Originally released on an EP through 415 Records, "Never Say Never" was re-recorded for the band's second album and major label debut, Benefactor. The album version is more radio friendly, cutting the song's length almost in half and removing expletives.

==Composition==
Musically, the song has been described as post-punk, new wave, dance-rock, and disco-punk.

==Track listing==

7" single
| No. | Title | Length |
|---|---|---|
| 1. | "Never Say Never" | 3:26 |
| 2. | "Flashflood" | 4:56 |

==Personnel==
- Debora Iyall – vocals
- Peter Woods – guitar
- Benjamin Bossi – saxophone
- Frank Zincavage – bass
- Larry Carter – drums, percussion

==Chart positions==

| Chart (1982) | Peak position |
|---|---|
| US Billboard Dance Club Songs | 17 |
| US Billboard Top Tracks | 27 |

==Never Say Never (EP)==

Never Say Never is an EP by American new wave band Romeo Void, released in 1981. It was released on CD in 2006 by Wounded Bird Records, as four bonus tracks to their reissue of Benefactor.

Professional ratings
Review scores
| Source | Rating |
| AllMusic | Star Half star |
| Robert Christgau | B+ |

===Track listing===
All tracks by Debora Iyall, Peter Woods, Frank Zincavage, Benjamin Bossi and Larry Carter.
1. "Never Say Never" – 6:06
2. "In the Dark" – 4:33
3. "Present Tense" – 5:47
4. "Not Safe" – 3:57

==Appearances in media==

The song was featured in the 1984 film Reckless starring Aidan Quinn as a football star and renegade. Quinn's character takes over the school dance's DJ booth to play the single, much to the dismay of all his classmates. A dance sequence ensues with Quinn's character moshing about while a somewhat distraught Daryl Hannah tries to figure out how to dance with him.

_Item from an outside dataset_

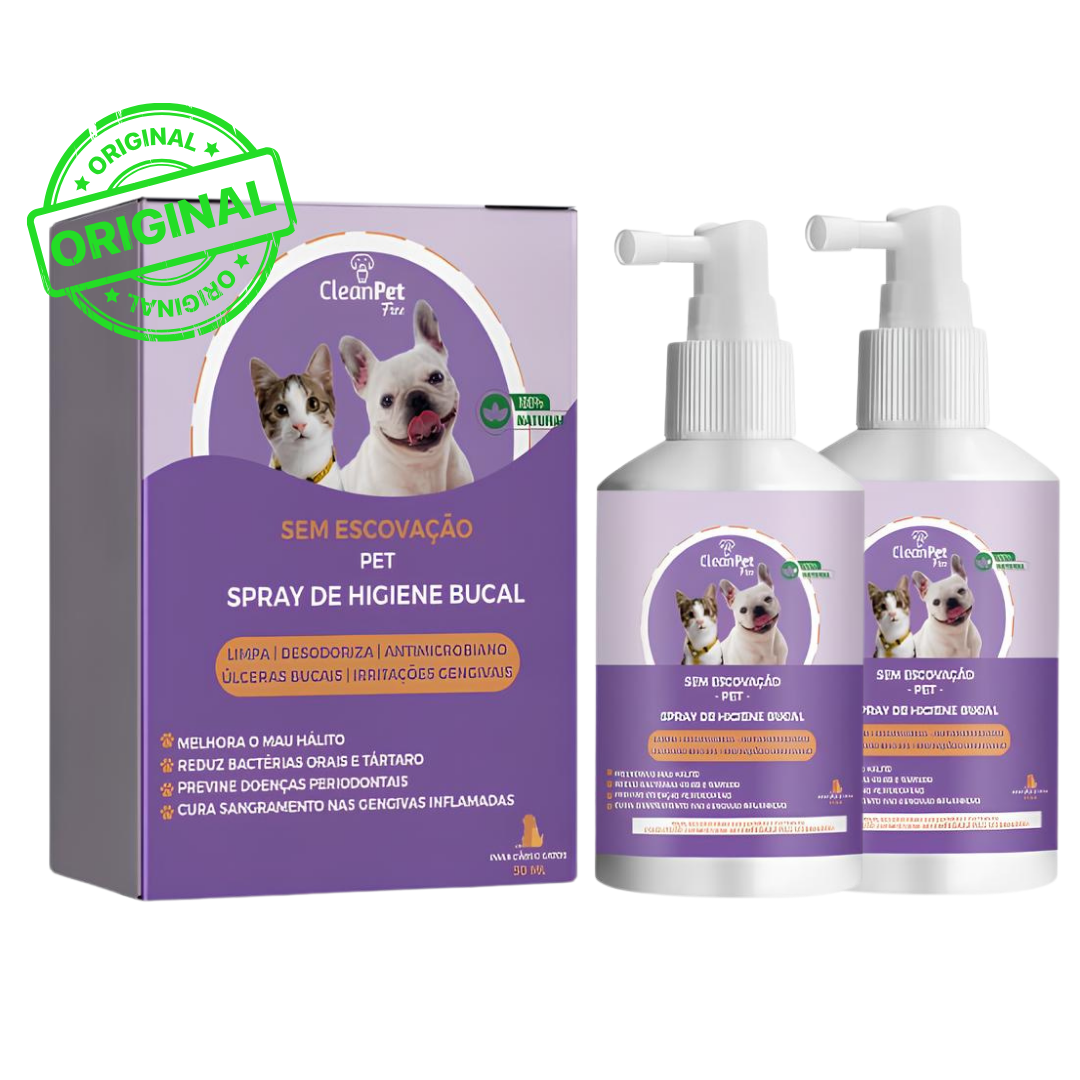 Spray de limpeza bucal - anti tártaro e mau hálito - [Cães e Gatos]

A small segment of the song was featured in a scene of the film Dodgeball: A True Underdog Story. It also was included in the 2013 film The Wolf of Wall Street. In 2016, it was featured in the show Ash vs Evil Dead during a scene of the season two episode Trapped Inside.

The song was also featured in Grand Theft Auto: Vice City. It is heard in the game on the radio station Wave 103.

==Covers==
- In 2000 by Queens of the Stone Age, as a bonus track on the album Rated R. This cover was also featured on the soundtrack for the film The Punisher (2004).
- In 2009, the band Julien-K covered "Never Say Never" on their debut album Death to Analog, stylizing the song title as "Nvr Say Nvr".